And although prices fell by about 1 per cent in London on Tuesday after China raised interest rates, some analysts expect the base metal to hit the US$11,000 per tonne mark by December this year.
Major infrastructure projects in countries such as China and Brazil are key drivers for increased copper demand. And analysts say demand is not about to ease any time soon.
Yingxi Yu, VP, Commodities Research, Barclays Capital, said: "Copper stands out from the other base metals in a sense that the supply side is most constrained. The supply side has been lagging behind demand growth for a very long time.
"And we do not see any reason to turn much more optimistic on the mines supply of copper anytime soon.
"China has been in the driving seat of base metal demand for a very long time now and it's still growing at a double-digit pace. We estimate that Chinese copper demand grew by about 15 per cent last year. It will slow to seven per cent in 2011, but it's still a huge amount in tonnage terms."
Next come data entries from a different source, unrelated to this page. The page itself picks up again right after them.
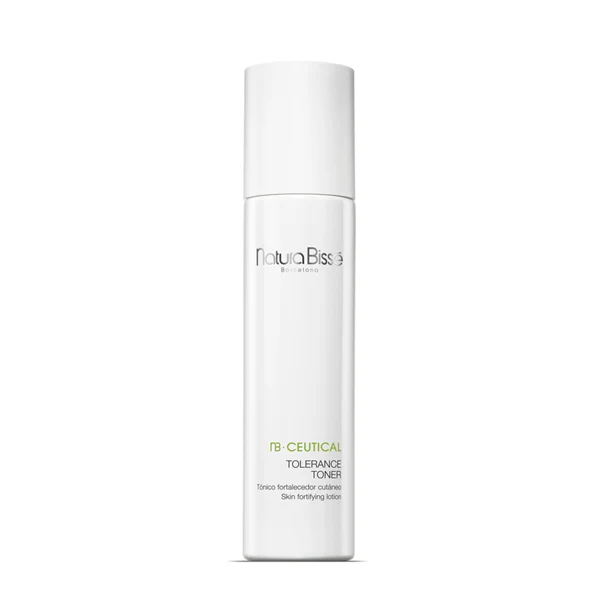 NB Ceutical Tolerance Toner - Gesichtswasser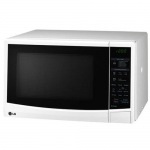 LG MH 6048 S - купити в інтернет-магазині Техностар
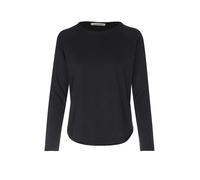 SMITH&SOUL Sweater schwarz | S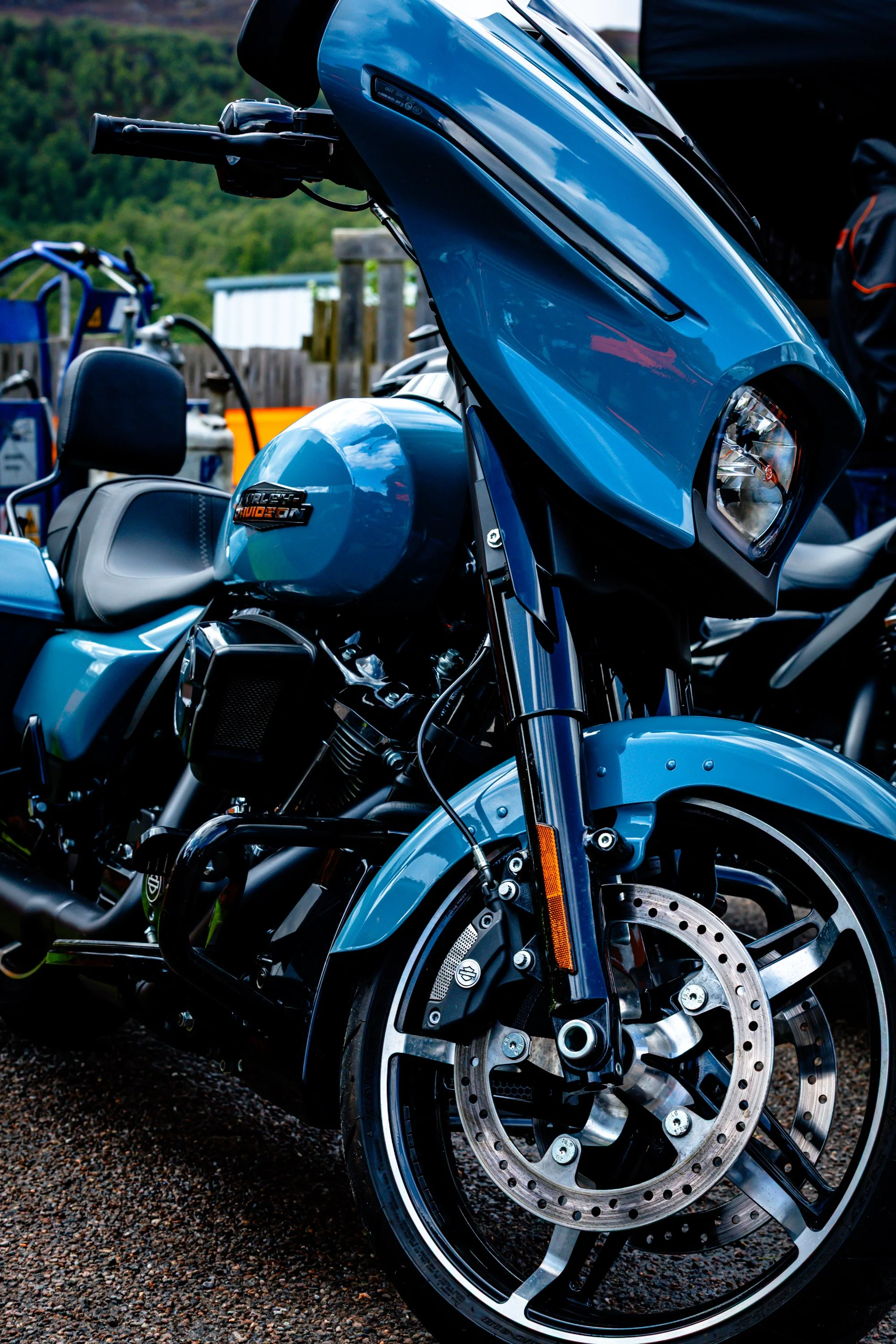 Jt_LescraftPhotography_TITG 2024-17.jpg
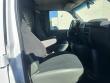 2025 Chevrolet Express Cargo WT Van Cargo Van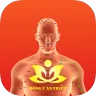 Huyệt vị Kinh Mạch icon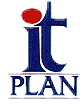 itplan.jpg (4896 bytes)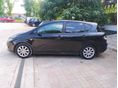 SEAT TOLEDO 2006/4 - 4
China remains the world's largest copper consumer, accounting for about 40 per cent of the market.
Analysts point out that any price correction from current levels will be healthy but short-lived.
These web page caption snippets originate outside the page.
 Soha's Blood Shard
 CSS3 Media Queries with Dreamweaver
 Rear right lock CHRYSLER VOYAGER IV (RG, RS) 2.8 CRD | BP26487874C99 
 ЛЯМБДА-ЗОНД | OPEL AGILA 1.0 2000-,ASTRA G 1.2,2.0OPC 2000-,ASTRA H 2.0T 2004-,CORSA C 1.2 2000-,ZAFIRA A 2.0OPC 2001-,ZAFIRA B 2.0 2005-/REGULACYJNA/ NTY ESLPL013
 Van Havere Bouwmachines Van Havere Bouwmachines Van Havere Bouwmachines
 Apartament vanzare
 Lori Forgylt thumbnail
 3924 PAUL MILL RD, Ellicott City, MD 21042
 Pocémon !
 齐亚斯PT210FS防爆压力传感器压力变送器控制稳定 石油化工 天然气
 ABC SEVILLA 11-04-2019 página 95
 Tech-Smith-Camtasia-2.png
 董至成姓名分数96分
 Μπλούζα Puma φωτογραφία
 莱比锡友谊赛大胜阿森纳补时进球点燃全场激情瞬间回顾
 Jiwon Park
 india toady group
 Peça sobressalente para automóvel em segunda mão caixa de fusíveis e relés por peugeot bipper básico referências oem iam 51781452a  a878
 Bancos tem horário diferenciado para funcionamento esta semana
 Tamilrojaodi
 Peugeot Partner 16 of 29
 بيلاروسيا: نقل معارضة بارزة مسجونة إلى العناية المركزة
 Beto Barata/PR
Ong Yi Ling, investment analyst, Investment Department, Phillip Futures, said:
"We don't discount the possibility that there could be a shorter term correction in copper prices in the event that China chooses to enforce aggressive tightening measures to combat inflation.
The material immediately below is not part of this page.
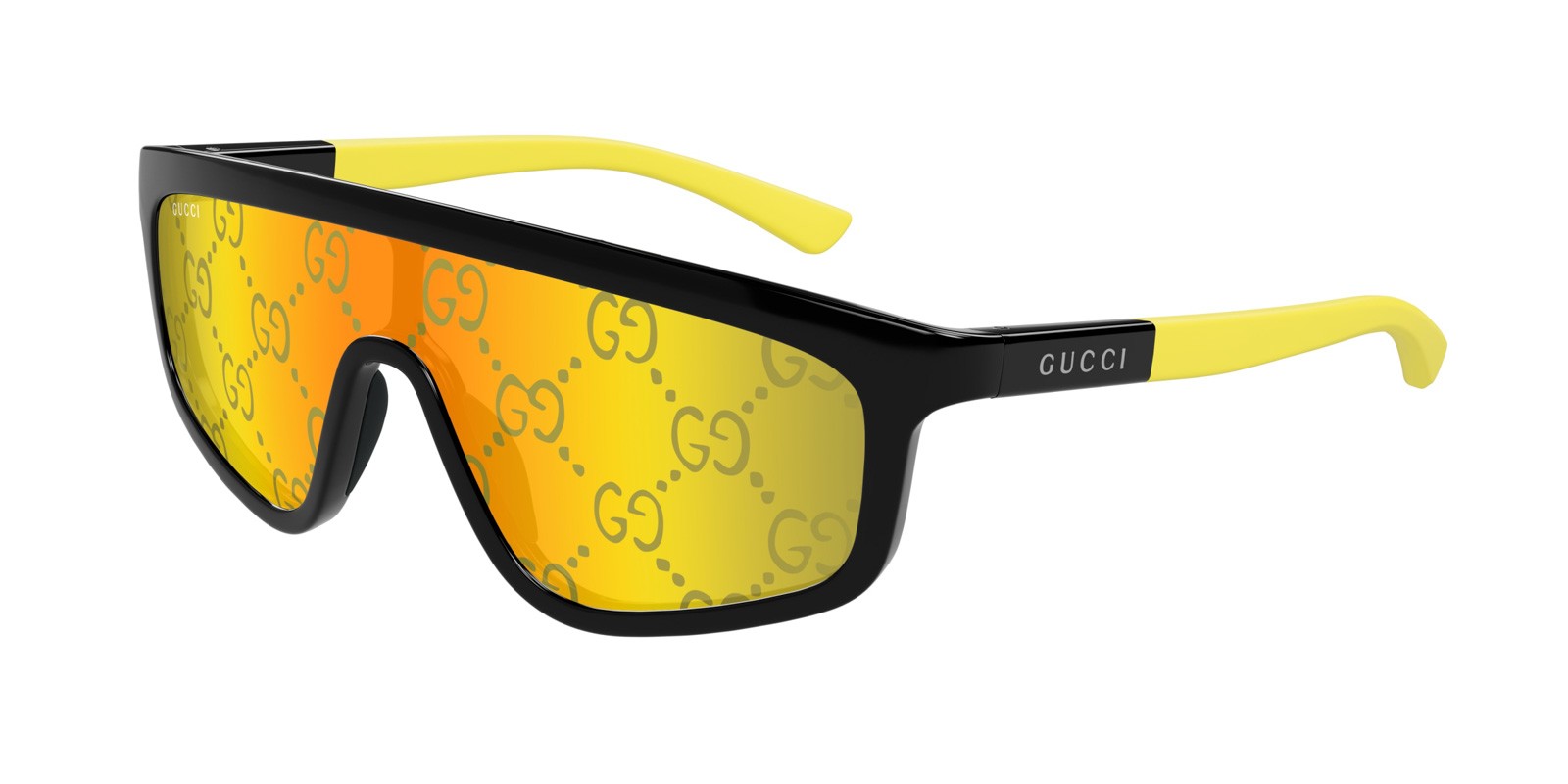 gafas de sol gucci gg1736s - gucci blacl friday - las mejores gafas de lujo en vytria.com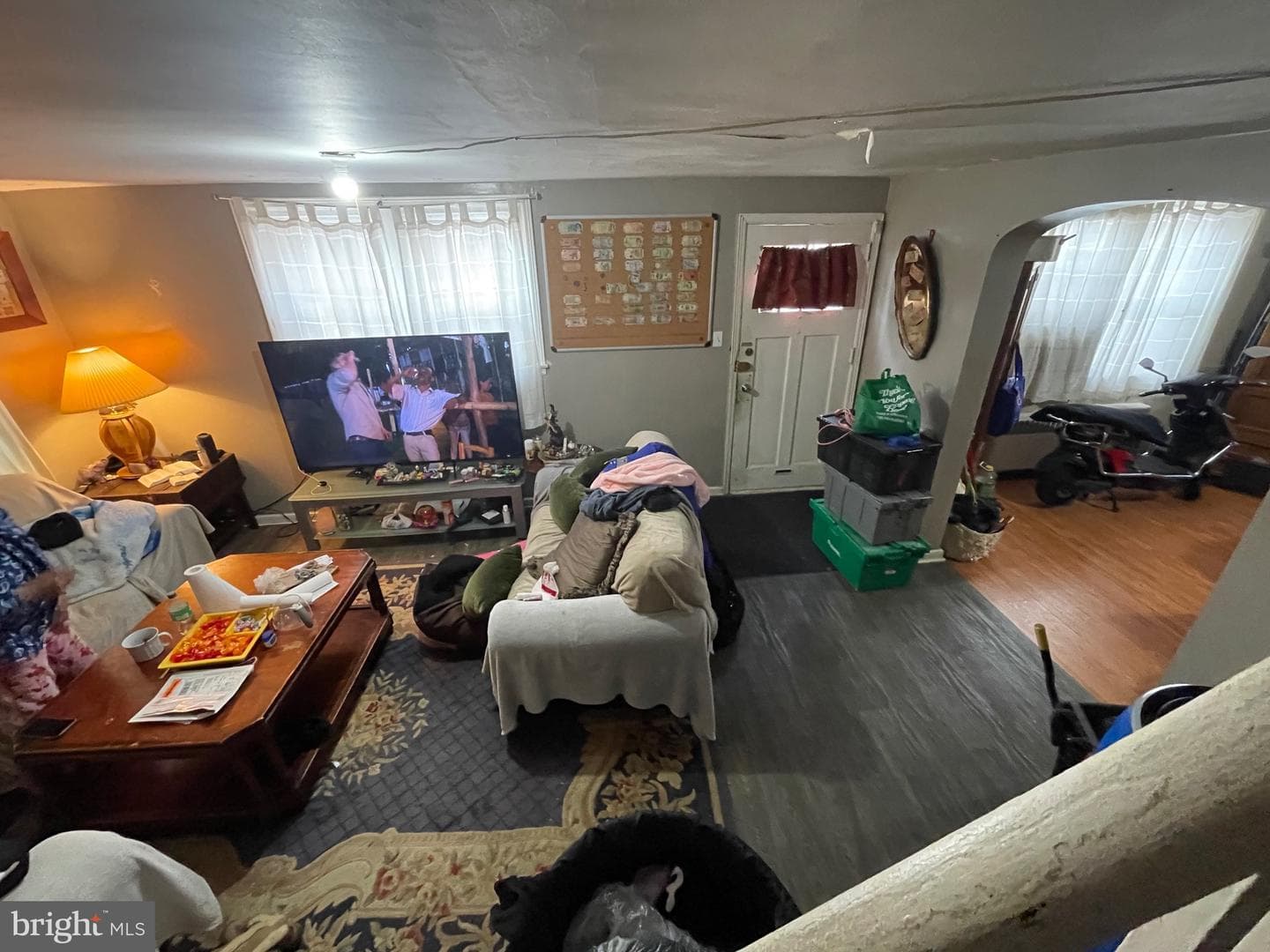 1141 Gilham Street photo 5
"But on a longer term basis, we see that Chinese demand for copper may continue to surprise from the upside. And the copper market could be in a deficit in 2011 - so that in itself could be supportive of prices to head towards the US$11,000 tonne level mark."
With such a promising outlook for copper, some observers say this could attract more investors.
With copper Exchange-Traded Funds, this could also drive up investor interest, as they make it easier for an average investor to take a position in copper.